*** Data to use ***

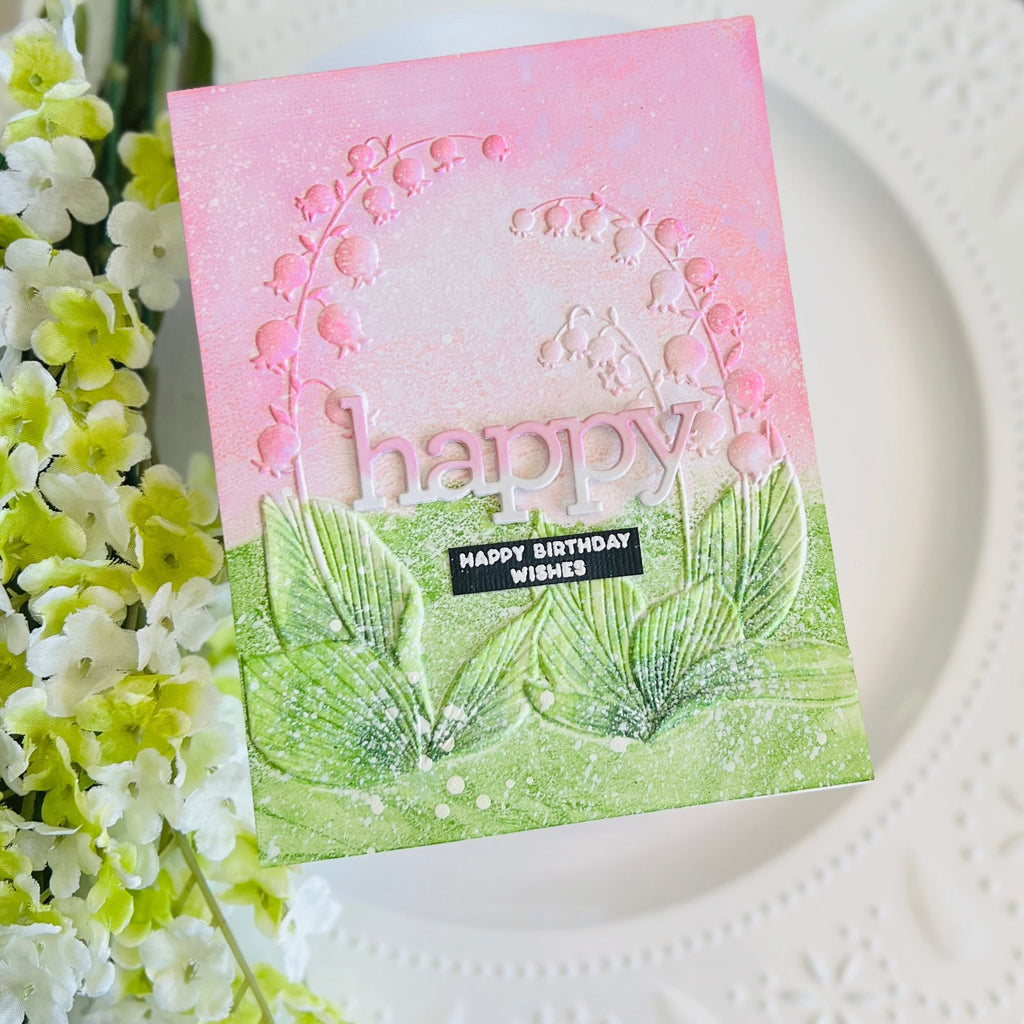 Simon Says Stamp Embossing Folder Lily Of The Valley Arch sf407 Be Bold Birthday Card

*** End of Data to use ***
*** Data to use ***

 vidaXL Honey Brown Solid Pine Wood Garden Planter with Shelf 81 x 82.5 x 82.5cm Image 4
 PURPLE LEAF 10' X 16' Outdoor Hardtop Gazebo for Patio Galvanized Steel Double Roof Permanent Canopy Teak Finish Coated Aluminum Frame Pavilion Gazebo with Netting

*** End of Data to use ***
*** Data to use ***

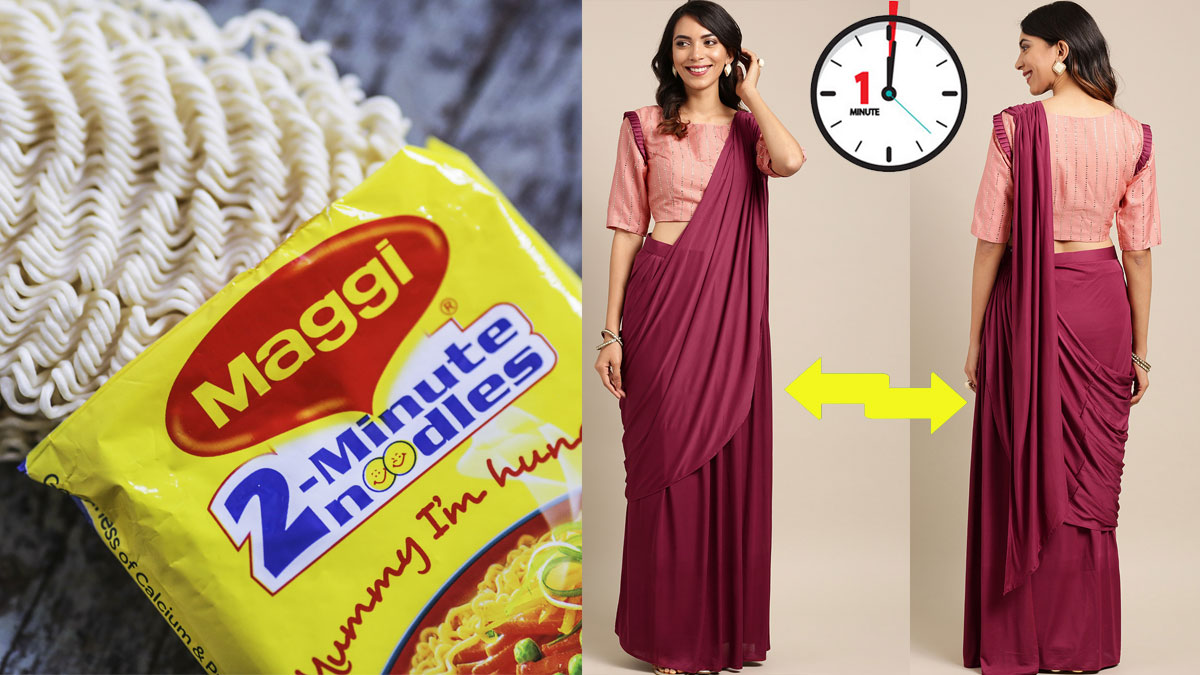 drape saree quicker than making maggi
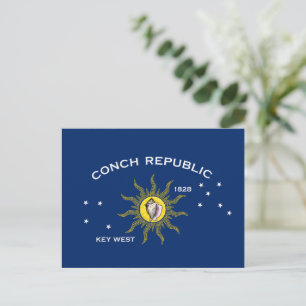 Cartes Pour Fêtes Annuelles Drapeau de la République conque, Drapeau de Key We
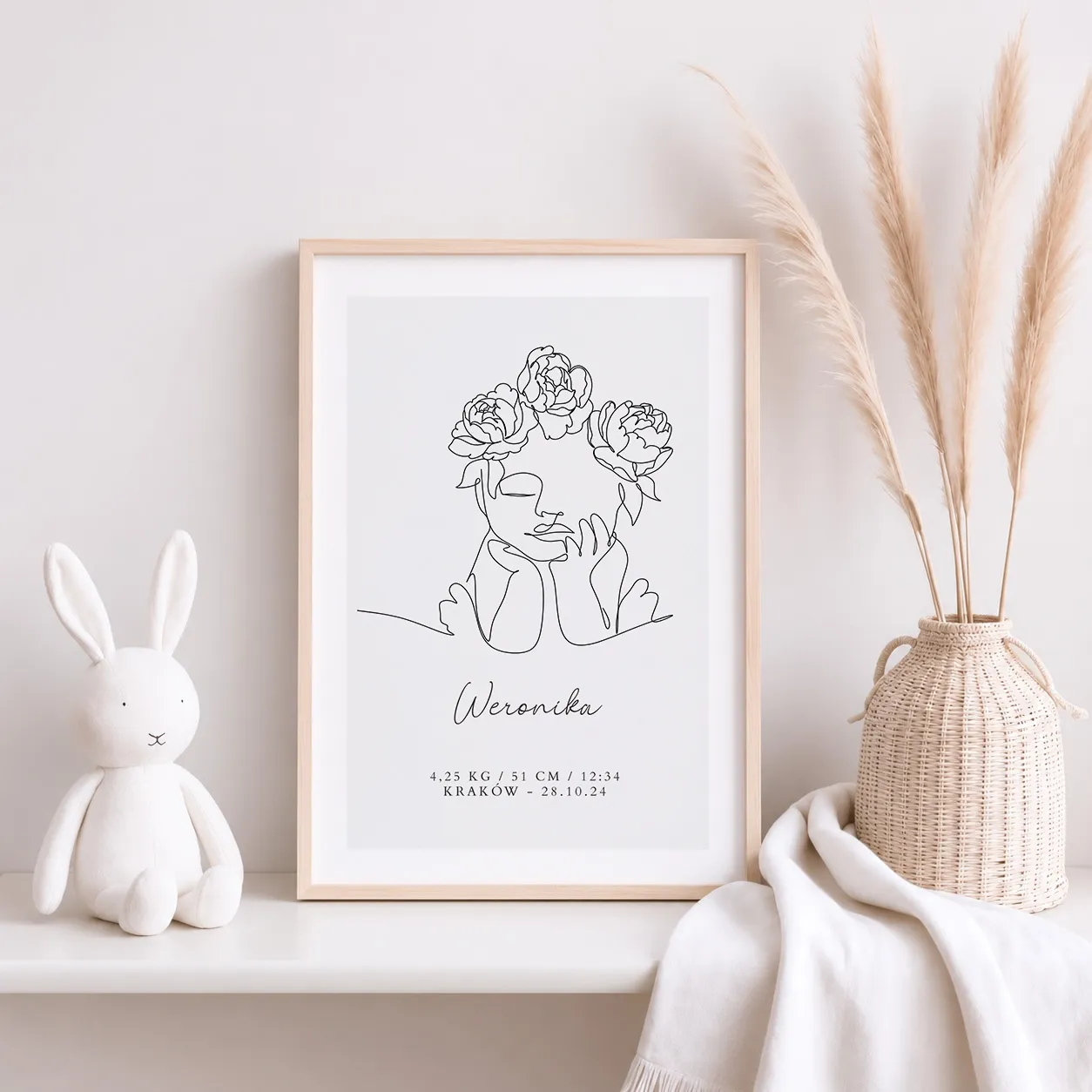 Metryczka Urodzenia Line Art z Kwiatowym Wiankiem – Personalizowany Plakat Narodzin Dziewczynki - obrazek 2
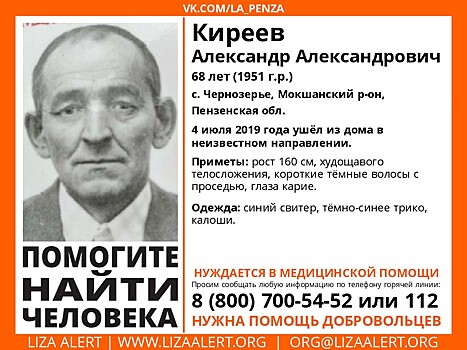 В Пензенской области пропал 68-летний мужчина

*** End of Data to use ***

Problem -
Throughout the data above, report every line that contains the string "with".

Final answer -
 vidaXL Honey Brown Solid Pine Wood Garden Planter with Shelf 81 x 82.5 x 82.5cm Image 4
 PURPLE LEAF 10' X 16' Outdoor Hardtop Gazebo for Patio Galvanized Steel Double Roof Permanent Canopy Teak Finish Coated Aluminum Frame Pavilion Gazebo with Netting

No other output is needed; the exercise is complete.